# Is there any way to change ip adress for using BBC iPlayer

## Achille

BBC iPlayer doesnt' allow to watch programmes, if you are located outside UK.

http://www.bbc.co.uk/iplayer/

Is there any way to bypass this restriction?

----------

## fabien29200

Maybe using a proxy in the UK could work.

----------

## Achille

I've read elsewhere that it could work, but it doesn't work for me, unless I don't configure it right.

----------

## fabien29200

AFAIK it's the only way to change its IP on Internet.

----------

## Achille

Would you be so kind to explain me how to find a proxy server located in the UK?

----------

## pteppic

http://www.publicproxyservers.com/

----------

## Achille

Finally, I got it working!

The main problem is to found a working proxy server located in Great Britain.

Some hours ago before I posted this topic, I visited the web page pteppic gave, and I didn't find any working server. Then following again this link, I found only one proxy server in UK, but it worked.

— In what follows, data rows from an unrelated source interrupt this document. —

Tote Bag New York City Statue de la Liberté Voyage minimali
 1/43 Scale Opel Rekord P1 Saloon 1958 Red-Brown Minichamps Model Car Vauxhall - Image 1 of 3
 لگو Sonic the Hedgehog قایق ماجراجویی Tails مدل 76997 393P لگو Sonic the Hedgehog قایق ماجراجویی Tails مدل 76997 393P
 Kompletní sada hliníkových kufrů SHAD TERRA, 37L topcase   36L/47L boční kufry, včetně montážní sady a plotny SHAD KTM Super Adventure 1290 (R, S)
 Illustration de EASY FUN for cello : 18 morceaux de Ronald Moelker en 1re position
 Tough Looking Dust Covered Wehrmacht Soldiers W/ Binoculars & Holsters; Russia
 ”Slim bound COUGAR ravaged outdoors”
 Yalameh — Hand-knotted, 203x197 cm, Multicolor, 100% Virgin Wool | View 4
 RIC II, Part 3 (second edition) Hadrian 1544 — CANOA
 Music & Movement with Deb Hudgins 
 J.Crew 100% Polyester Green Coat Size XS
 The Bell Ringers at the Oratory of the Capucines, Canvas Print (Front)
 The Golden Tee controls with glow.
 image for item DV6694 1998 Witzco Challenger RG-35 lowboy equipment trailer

Thank you very much for your help.

----------

## wizard69

i just gave it a try and yes it works for me. From Berlin with a UK proxy. If you use firefox have a look at foxyproxy

https://addons.mozilla.org/de/firefox/addon/2464

----------

## Havin_it

1) Apply for UK citizenship/residency/asylum

2) Get a permanent address in the UK

3) Pay a ~£110/year fee for the TV Licence.

Sorry but the reason non-UK IPs are denied access is because it is a public-sector broadcaster paid for by UK citizens via the licence fee. Watching it from outside the UK (unless via a licensed affiliate broadcaster in your country) is illegal. I'm just sayin'.

----------

## jonfr

 *Achille wrote:*   

> BBC iPlayer doesnt' allow to watch programmes, if you are located outside UK.
> 
> http://www.bbc.co.uk/iplayer/
> 
> Is there any way to bypass this restriction?

 

If you are in Europe, get a sat dish and point it to 28,2E.   :Wink: 

----------